Introducing Rakewell, Apollo’s wandering eye on the art world. Look out for regular posts taking a rakish perspective on art and museum stories.
Your resident newshound reports from Germany, where two former florists have decided to pursue their dream: a museum devoted to dachshunds. Proud dackel owners Seppi Kueblbeck and Oliver Storz have amassed a collection of more than 2,000 dachshund-related objects, which they are putting on public display in Passau, Bavaria – where the long, low-slung hound is a state symbol.
Among the highlights of the collection are handmade puppets, sausage-dog postage stamps and even canine-shaped bread. ‘The world needs a sausage dog museum’, says Kueblbeck. And weird though it sounds, he isn’t necessarily barking up the wrong tree.

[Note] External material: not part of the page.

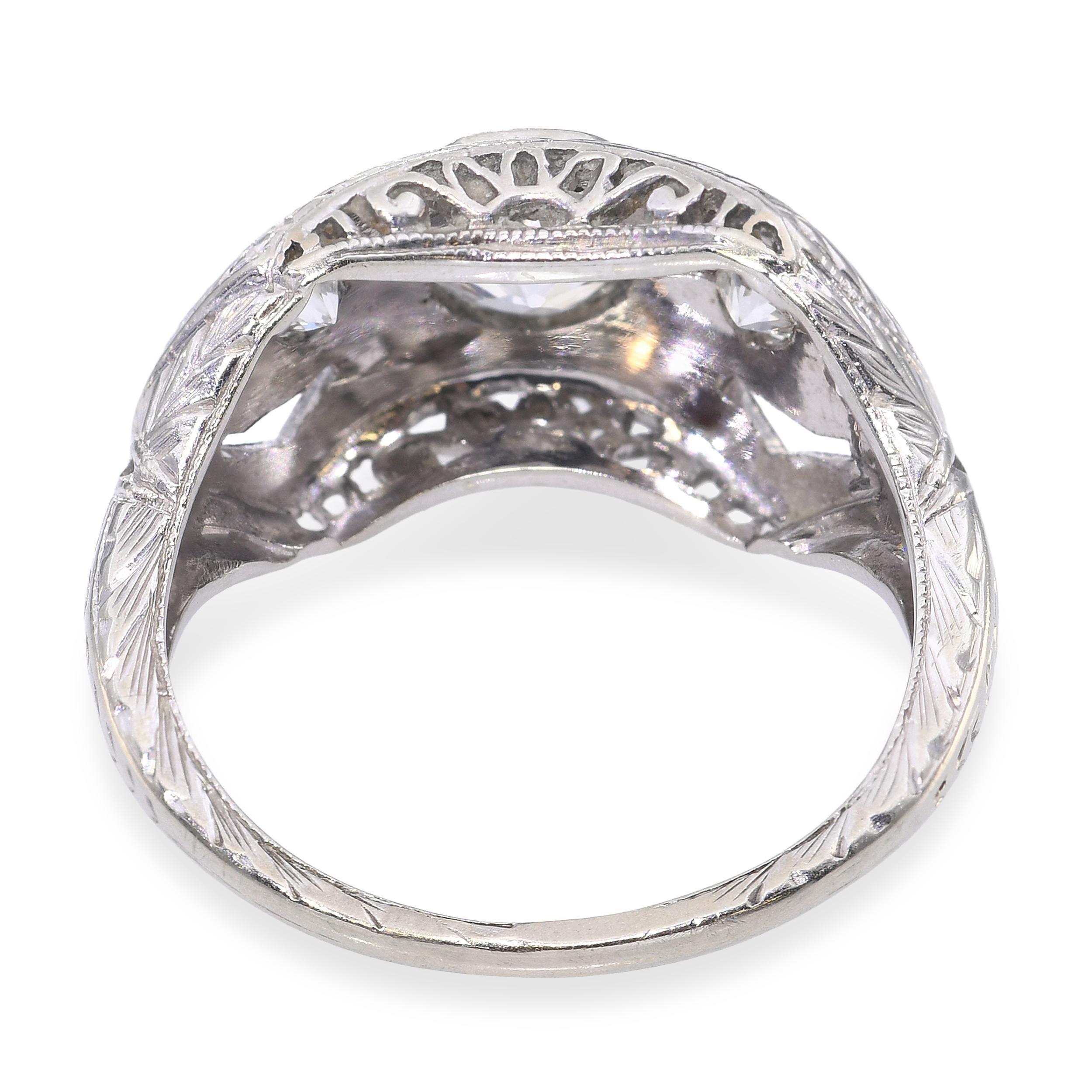 Antique Barth 18k White Gold 0.57tcw Old Euro Diamond Openwork Ring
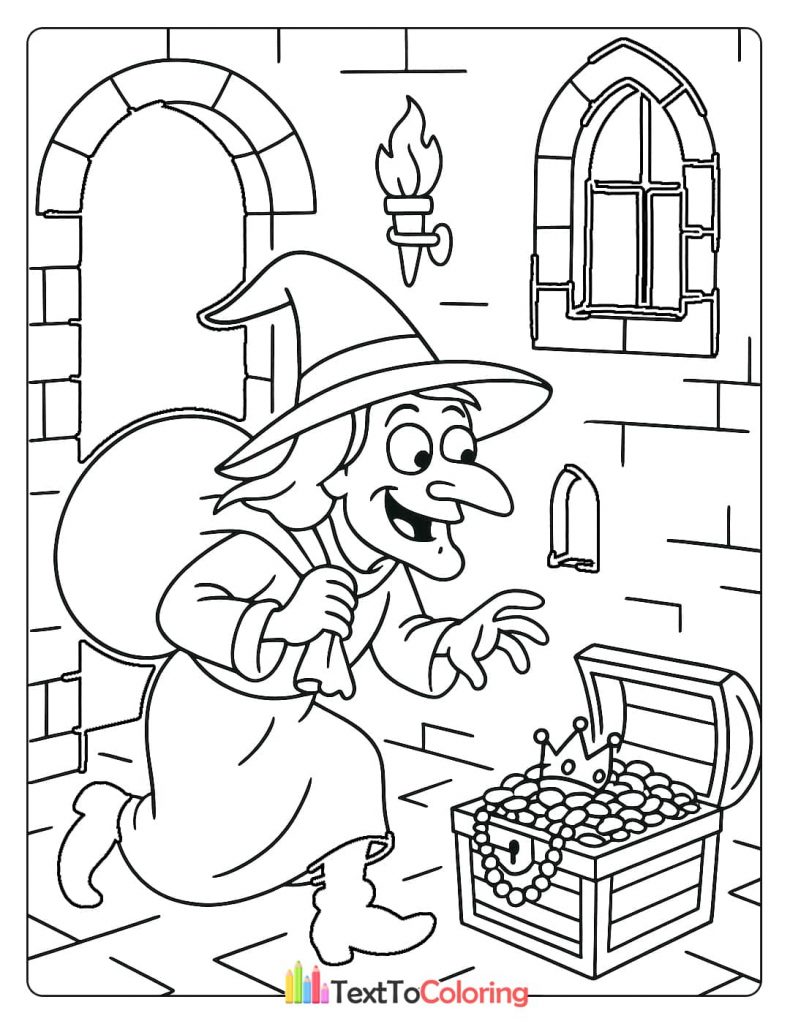 A sneaky witch with a long nose and a big sack, reaching for a crown in an open treasure chest in a dungeon.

The dachshund is officially the dog of the moment. Some 9,000 sausage dogs were registered with the kennel club last year, representing a rise of 40 per cent on 2015. Although originally bred to sniff out badgers, today’s dachshunds are small, clean and (mostly) friendly, making them ideal pets for city dwellers. ‘In London, you can just scoop them up in your arm and sit them on your lap on the tube,’ a Kennel Club representative told The Times.
This will not come as news to artists, however. Many of the biggest names in 20th-century art were sausage-dog mad: Picasso adopted a dachshund called Lump from the photographer David Douglas Duncan, depicting him several times; Andy Warhol owned two sausage dogs named Amos and Archie; and David Hockney was so enamoured of his doxies Stanley and Boodgie that he created an entire series of paintings of them, which were later published in a book.
The artist admitted that the project had been a challenge due to his pets’ inability to sit still and mischievous nature – ‘dogs are not interested in Art’, he told the Telegraph in 1998. Boodgie, legend has it, once relieved himself in Dennis Hopper’s Frank Gehry-designed villa, prompting a furious response from the actor. ‘Oah, it’ll be dry in the morning, luv,’ Hockney told his host. ‘You can just pick it up.’